Dr. Figen Es, Mersin'de Beyaz Lale Hanımlar Derneği ile Sema Sağlık Çalışanları Derneği tarafından düzenlenen programlara katılarak vatandaşlara yardımlaşmanın önemini anlattı. Yurt dışı yardım faaliyetleri sırasında karşılaştığı yürek burkan, göz yaşartan anılarından bahseden Es, yardımlaşma, sevgi, hoşgörü ve kardeşlik konularına vurgu yaptı.

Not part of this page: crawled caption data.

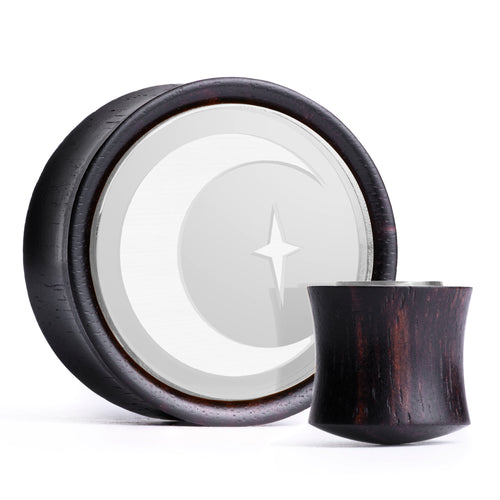 Crescent Moon Plug / Gauge - Silver Inlay Ebony Wood | Convex Double Flare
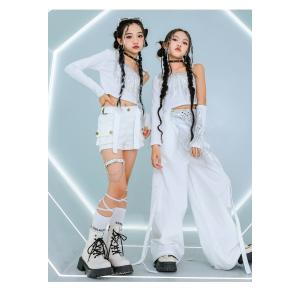 ダンス衣装 白 ガールズ ヒップホップ 衣装 ...の詳細画像2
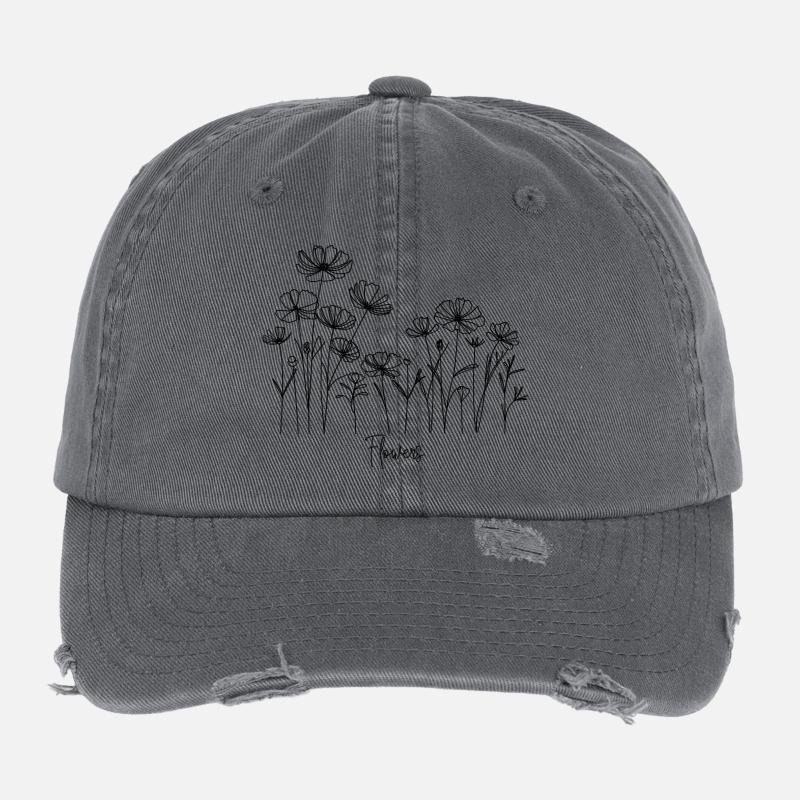 Fleur Casquette vintage effet usé Flexfit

Son dönemde kadınların annelik vasfını biraz geriye atarak kadınlık vasfını çok öne çıkardığına dikkat çeken Es, "Kilolarımıza çok fazla taktık. Eşlerimizin yüzlerinin mimiklerine takıldık. Gönle hitap eden anneler göze hitap eder hale geldi." ifadesini kullandı. İnsanların vehimlerle problemlerini büyüttüğüne dikkat çeken Es, "Vehimlerle problemlerini büyüten insanlar adeta kör kuyunun içine düştü. Ben yerine bizi koyarak duyarlıklarımızı arttırmalıyız. Vehimlerimiz artınca içimize kapanıp kalıyoruz. Kendimize bir odak belirleyelim." diye konuştu.

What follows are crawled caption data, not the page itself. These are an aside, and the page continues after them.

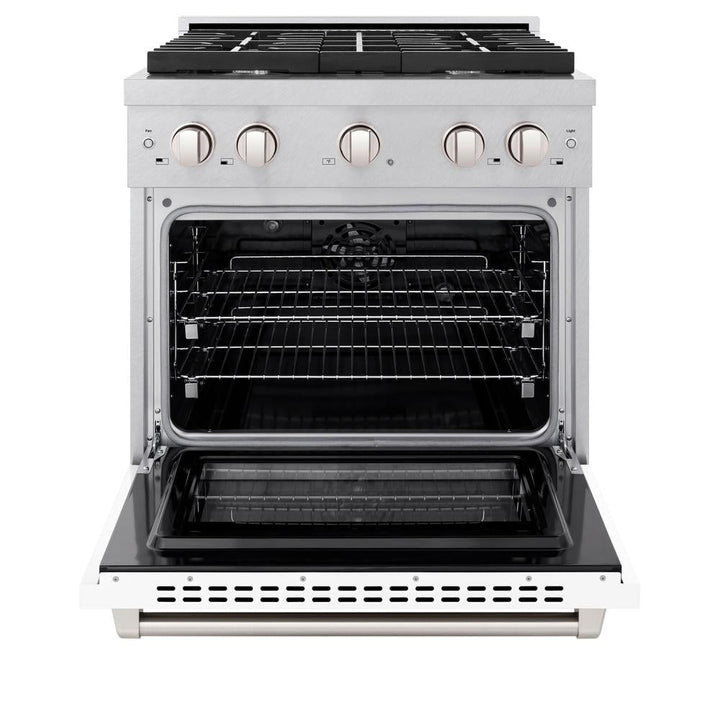 ZLINE 30 in. 4.2 cu. ft. Paramount Dual Fuel Range with 4 Burner Gas Cooktop and Electric Convection Oven in Satin Stainless Steel with White Matte Door (SDRS-WM-30)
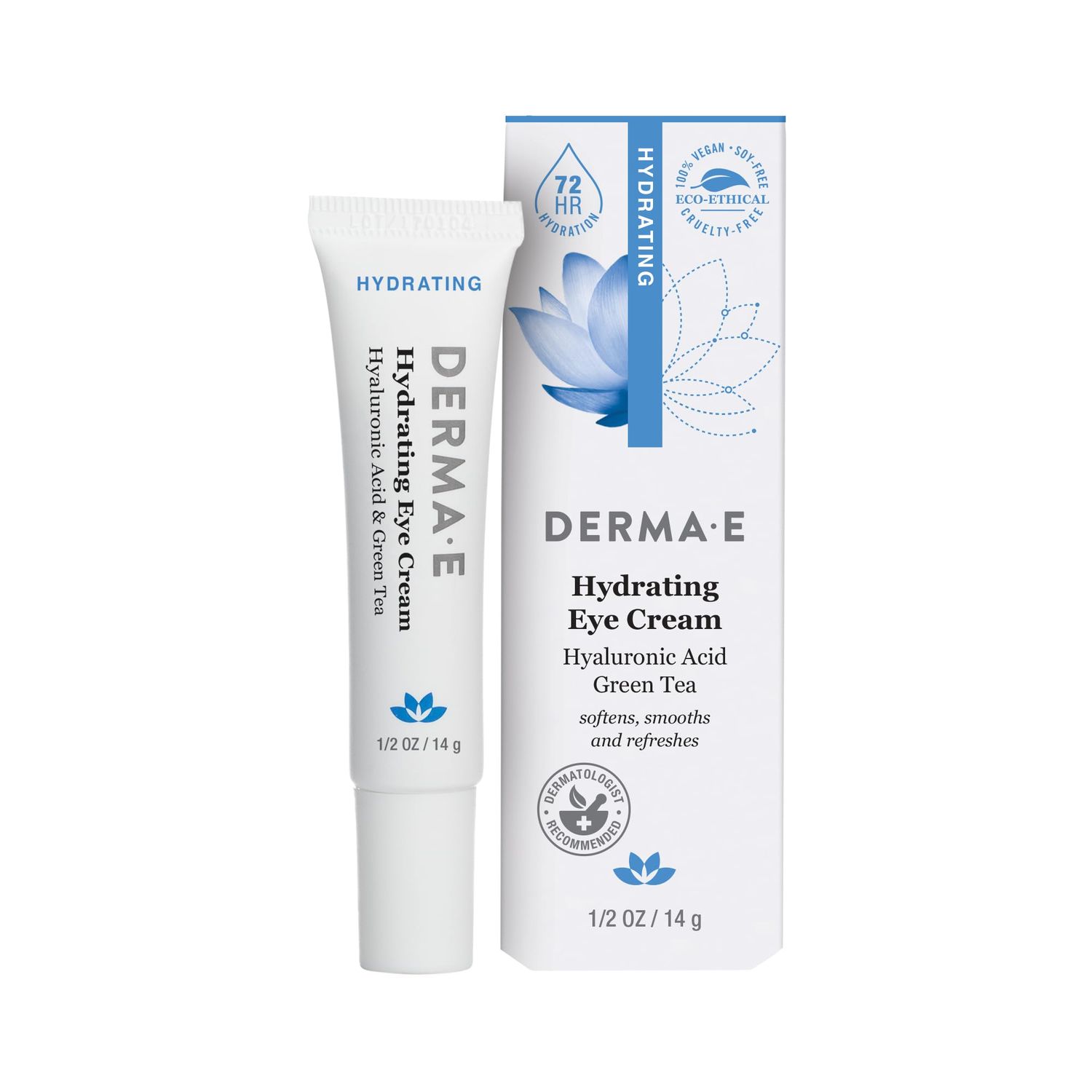 Derma E Hydrating Eye Cream - Firming and Lifting Hyaluronic Acid Treatment - Under Eye and Upper Eyelid Cream Reduces Puffiness and Appearance of Fine Lines, 0.5 oz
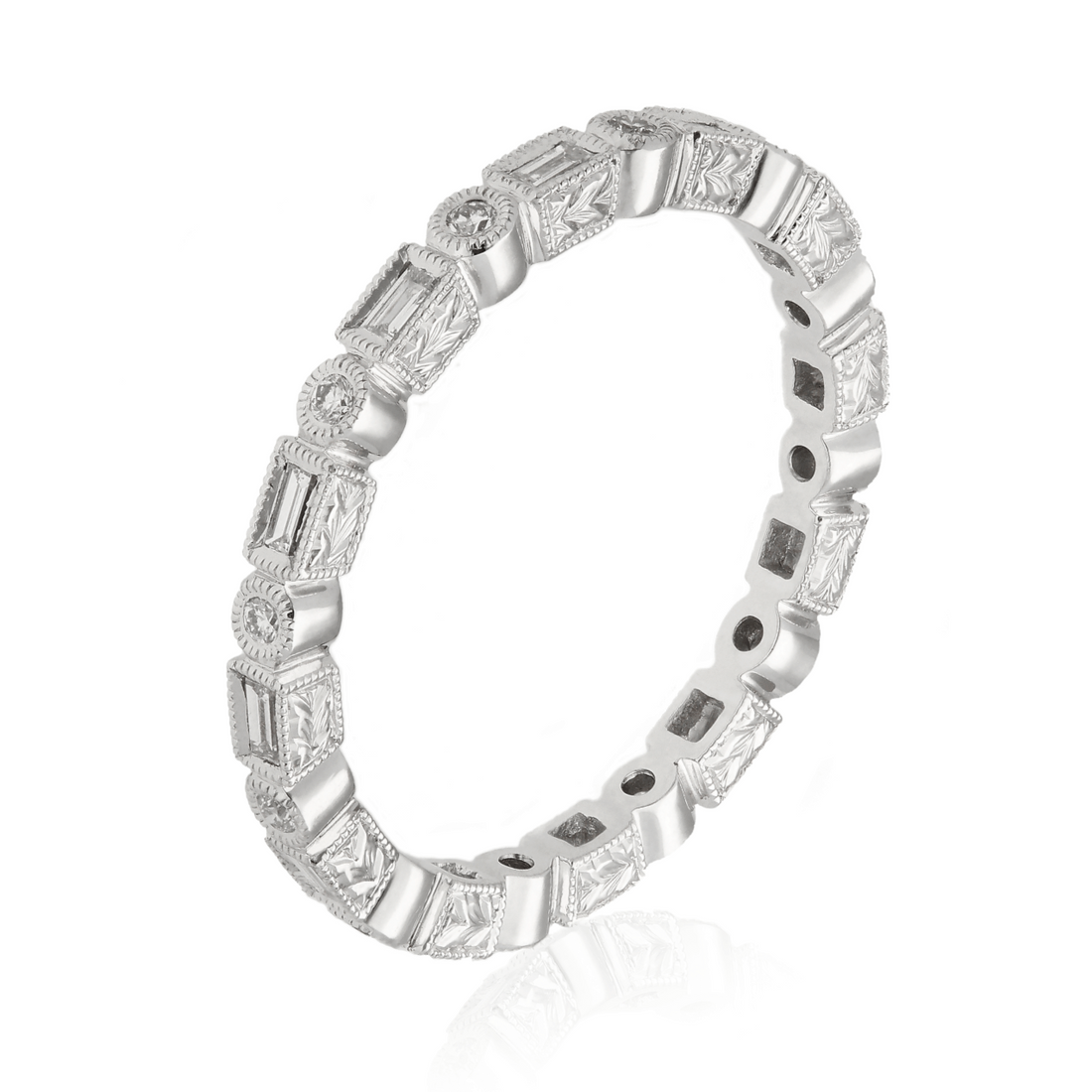 EC One Ungar and Ungar Rectangular & Round Diamond Eternity Band Wedding Ring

İnsanların en büyük sıkıntısının duyarsızlık olduğuna dikkat çeken Es şunları kaydetti: "Yeri geldi çocuğumuzun hassasiyetlerine bile duyarsız hale gelir olduk. Kendi ailemiz içinde duyarsız olduğumuz noktada başkalarının dertleriyle nasıl ilgileneceğiz. Duyarlılıklar kalkınca insanların birbirimizi kabul etme durumu kayboluyor. Herkes benim istediğim gibi olmak zorunda diye düşünüyor. Herkes kendi başının çaresine baksın diye düşünülüyor."

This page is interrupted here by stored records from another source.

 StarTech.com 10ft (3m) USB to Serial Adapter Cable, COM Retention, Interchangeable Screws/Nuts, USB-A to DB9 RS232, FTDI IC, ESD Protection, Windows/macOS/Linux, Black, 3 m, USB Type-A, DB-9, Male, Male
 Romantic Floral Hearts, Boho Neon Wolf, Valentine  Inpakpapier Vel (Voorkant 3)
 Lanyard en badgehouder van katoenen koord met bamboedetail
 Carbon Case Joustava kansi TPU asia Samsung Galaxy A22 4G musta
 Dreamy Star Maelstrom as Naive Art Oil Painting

Batılı ülkelerin yıllarca sömürüp bütün kaynaklarına el koyduğu Afrika halklarına karşı herkesin sorumlu olduğuna dikkat çeken Es, kimsenin doğum yeri seçme hakkına sahip olmadığını anlattı. Es şunları kaydetti: "Türkiye'de doğmak için, tenimin beyaz olması, akıllı, sağlıklı olmak için dilekçe vermedik. Bunlar bize imtihan olarak verilirken onlara verilmemiştir. Onlara verilmeyenler bizim imtihanımızdır. Bunun için nimetlerin hesabını iyilik yaparak verelim."